Input
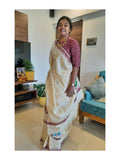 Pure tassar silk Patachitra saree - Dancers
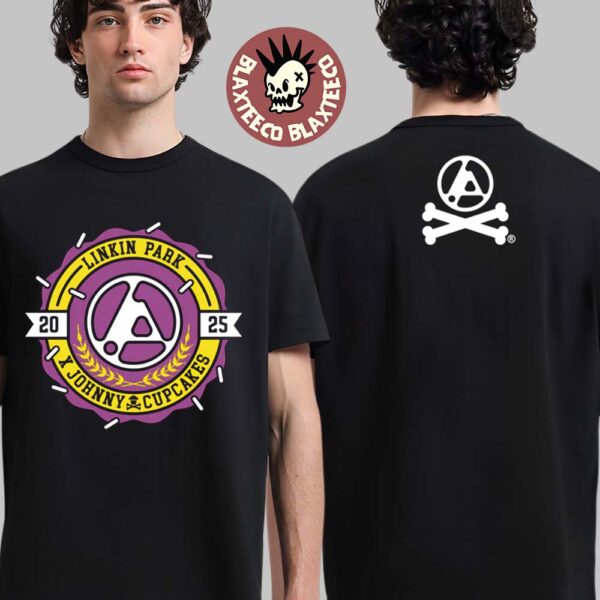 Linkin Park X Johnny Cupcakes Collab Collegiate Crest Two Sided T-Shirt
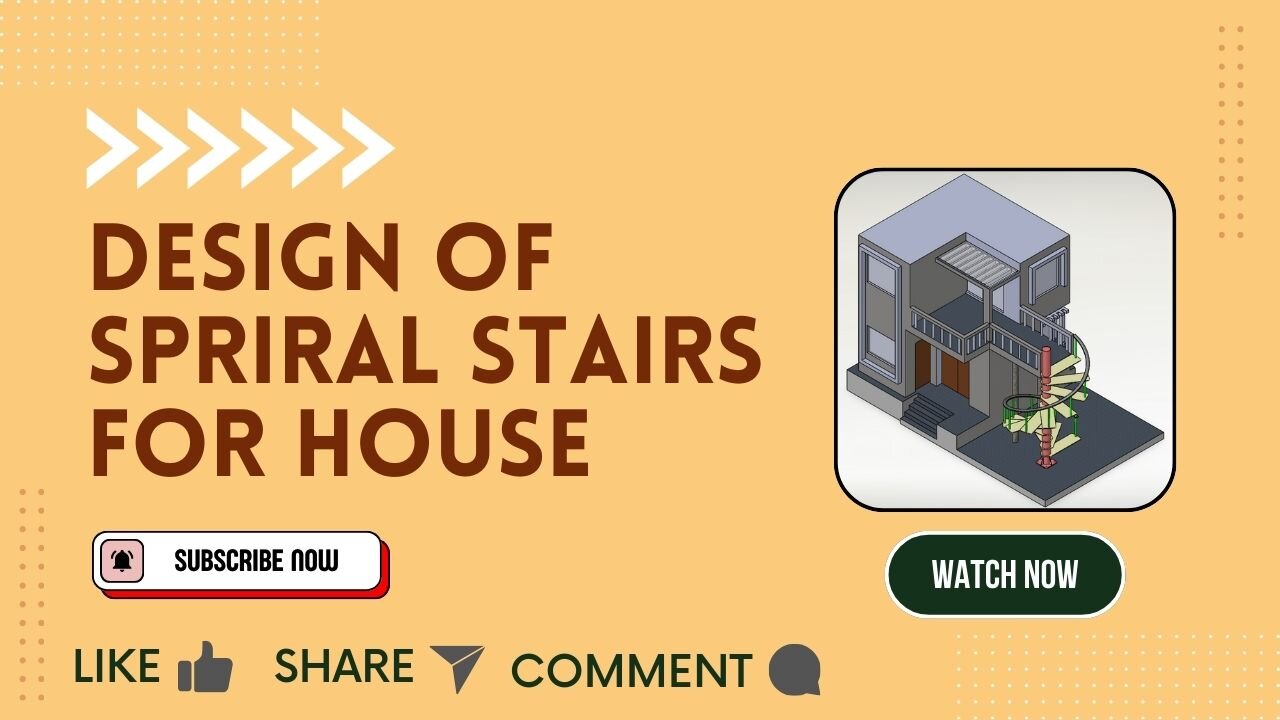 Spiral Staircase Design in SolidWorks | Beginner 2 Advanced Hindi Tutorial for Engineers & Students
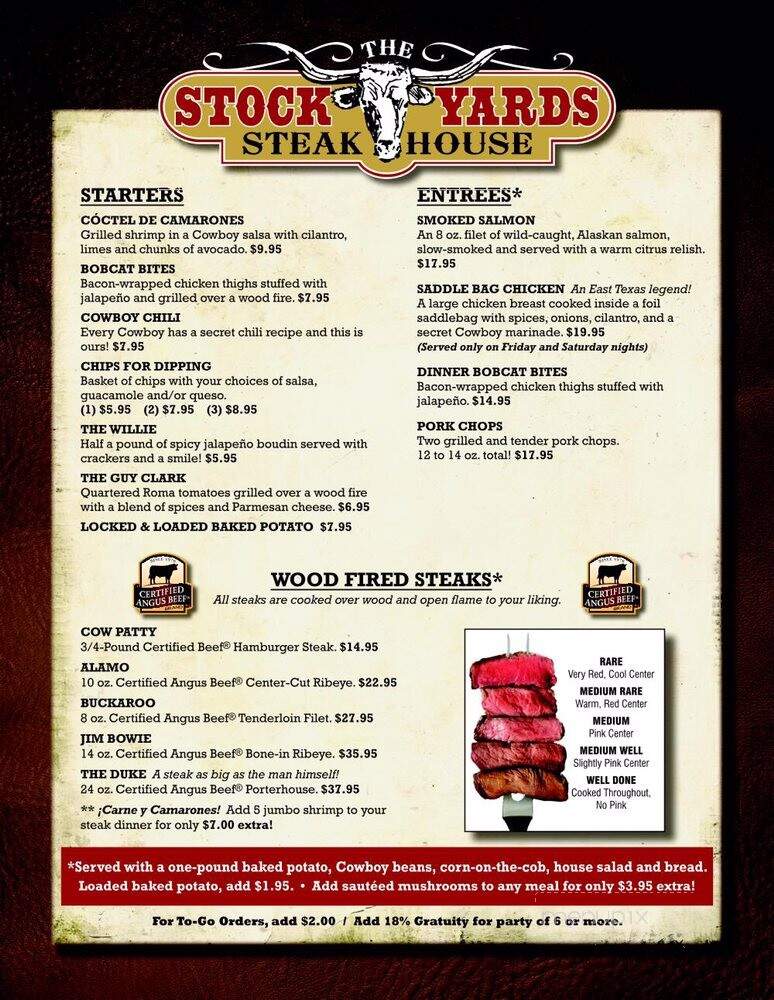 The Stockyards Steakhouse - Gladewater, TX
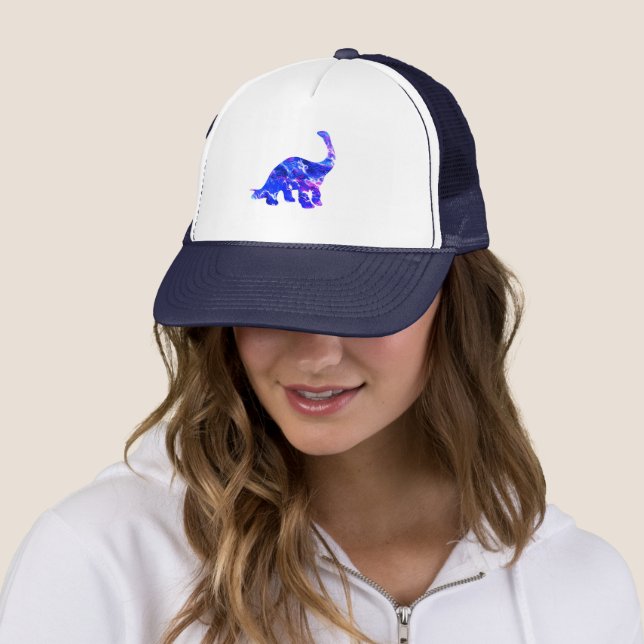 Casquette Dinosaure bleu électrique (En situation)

---

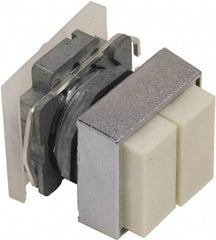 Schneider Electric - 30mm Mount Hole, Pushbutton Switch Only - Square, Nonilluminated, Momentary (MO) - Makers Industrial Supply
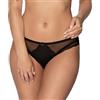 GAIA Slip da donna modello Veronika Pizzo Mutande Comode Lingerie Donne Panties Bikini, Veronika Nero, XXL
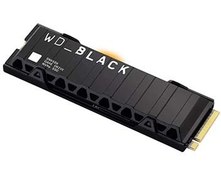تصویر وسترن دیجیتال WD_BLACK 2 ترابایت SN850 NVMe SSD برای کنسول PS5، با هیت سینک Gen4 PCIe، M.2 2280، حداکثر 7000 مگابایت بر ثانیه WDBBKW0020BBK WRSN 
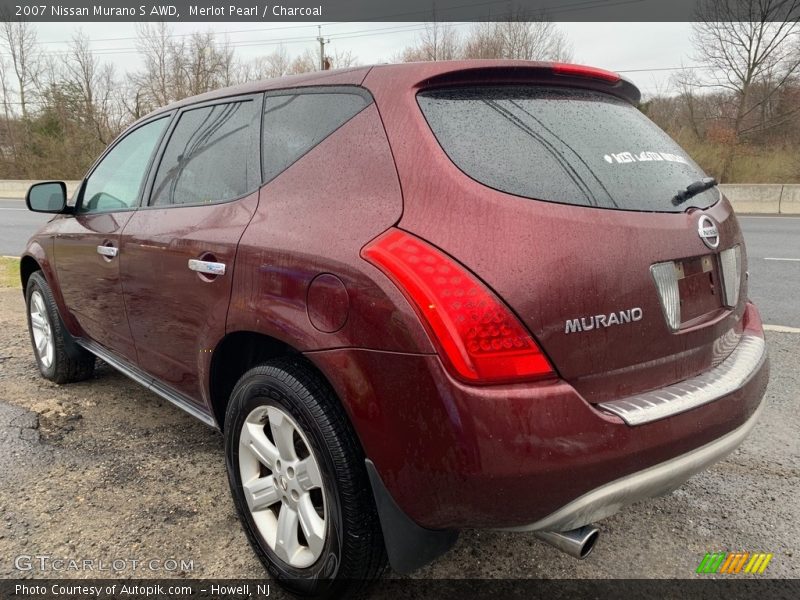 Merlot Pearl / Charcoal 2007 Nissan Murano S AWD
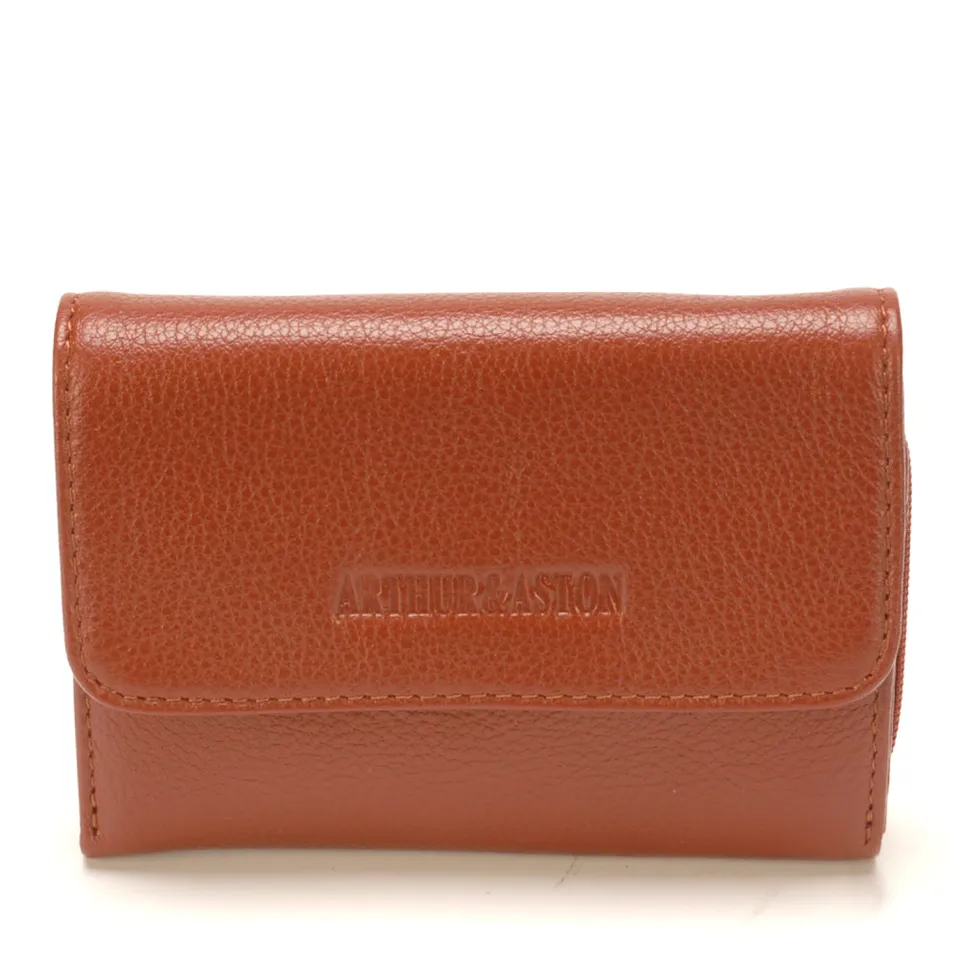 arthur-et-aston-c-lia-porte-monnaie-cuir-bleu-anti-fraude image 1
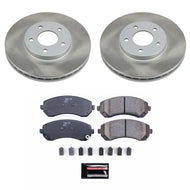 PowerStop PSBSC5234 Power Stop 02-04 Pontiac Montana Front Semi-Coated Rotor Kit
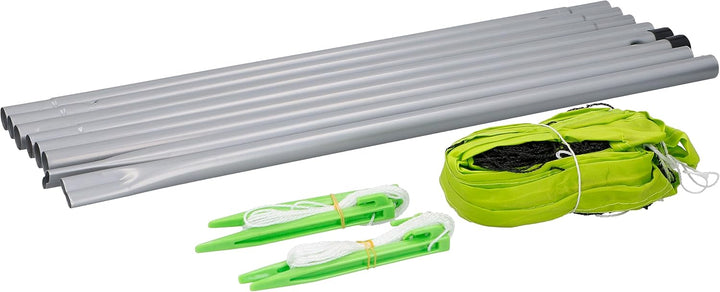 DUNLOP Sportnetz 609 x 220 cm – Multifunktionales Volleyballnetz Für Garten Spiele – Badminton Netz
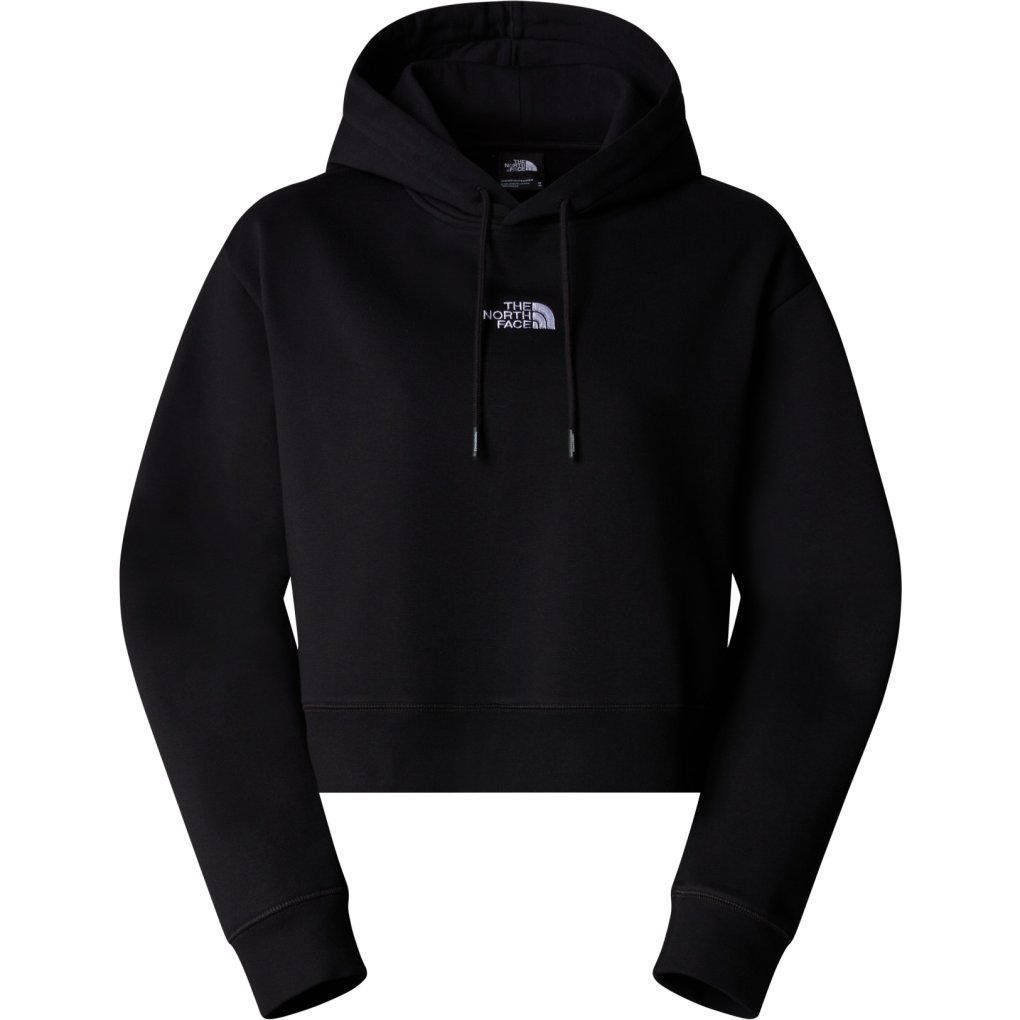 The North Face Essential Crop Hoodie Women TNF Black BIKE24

---

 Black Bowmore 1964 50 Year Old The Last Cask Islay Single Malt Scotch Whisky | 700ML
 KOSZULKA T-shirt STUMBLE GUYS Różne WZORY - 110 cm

Activity
Starting at the line containing "Pure tassar silk Patachitra saree - Dancers" and finishing at the line containing "Casquette Dinosaure bleu", return those lines exactly as they appear above, without the pictures.

Answer box
 Pure tassar silk Patachitra saree - Dancers
 Linkin Park X Johnny Cupcakes Collab Collegiate Crest Two Sided T-Shirt
 Spiral Staircase Design in SolidWorks | Beginner 2 Advanced Hindi Tutorial for Engineers & Students
 The Stockyards Steakhouse - Gladewater, TX
 Casquette Dinosaure bleu électrique (En situation)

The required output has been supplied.